By Lawrence G. McMillan

$SPX continued its phenomenal post-Christmas rally (which to date has registered over 400 points of gains), but has still not broken through resistance at 2820. Unless that happens, the next peak on the chart will still be a lower high, and the $SPX chart will still have a negative tilt to it.

Equity-only put-call ratios remain solidly on buy signals. The weighted ratio has fallen faster than the standard ratio, and it is already down to the lower third of its chart. Regardless, these ratios will remain on buy signals until they roll over and begin to rise.

Market breadth continues to be strong. The oscillators remain strongly on buy signals and remain deeply in overbought territory. The fact that they’re overbought is a positive thing, as long as it continues.

Volatility has drifted lower, and that is mildly bullish for stocks. $VIX has been closing between 15 and 16 for more than a week now, so it is not a hindrance to short-term rallies.

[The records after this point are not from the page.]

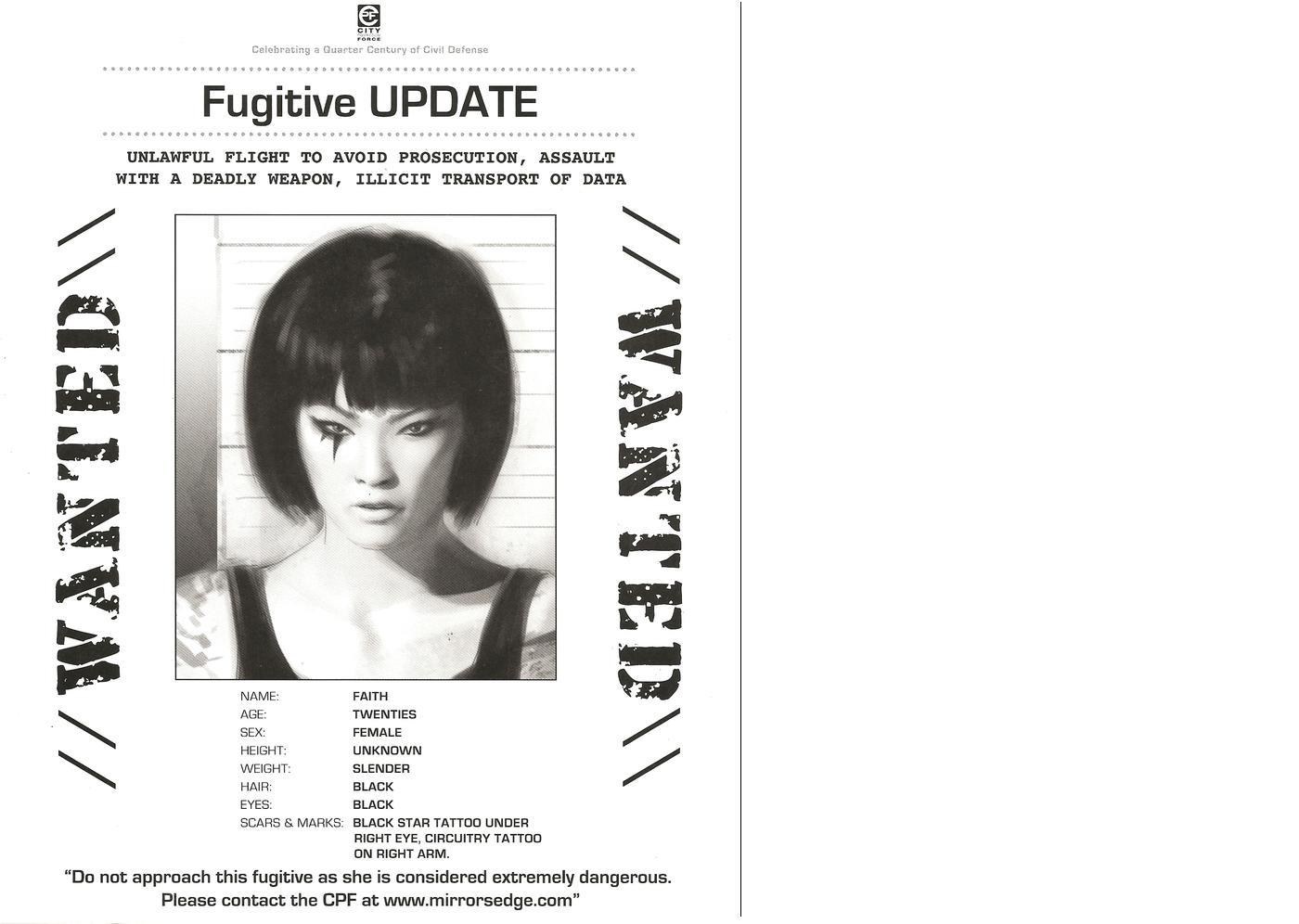 Wanted Fugitive Poster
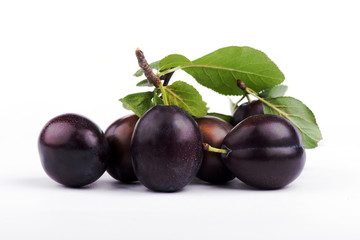  plum close-up. sweet plum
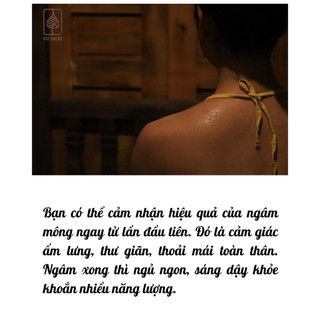 (Vietherb) Lú Bú -Lá cải ngâm mông Thải độc, tăng tuần hoàn máu, giảm v iêm nhiễm Tăng tính nữ Gói 4 túi lọc Koshka Home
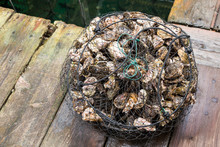 Live Oyster Catched From The Sea.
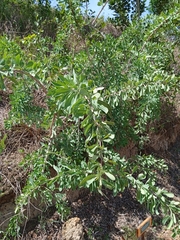 Gymnosporia glaucophylla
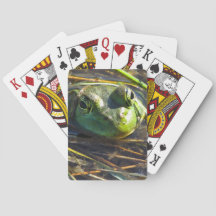 Cartões de jogo do sapo de Bull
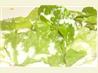 Salad Dressing for Teenage Boys (And Their Families)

To sum this all up: there is still only the one sell signal (mBB), and it is in some jeopardy of being stopped out. The other indicators (save the chart of $SPX) are on buy signals. Thus it is necessary to retain longs in line with those indicators. What will trigger a reversal to the bearish side? Perhaps the resolution of the China trade deal (“sell on the news?”). In any case, we remain short-term bullish, but are keeping a wary eye out for negative developments. Don’t be caught sleeping.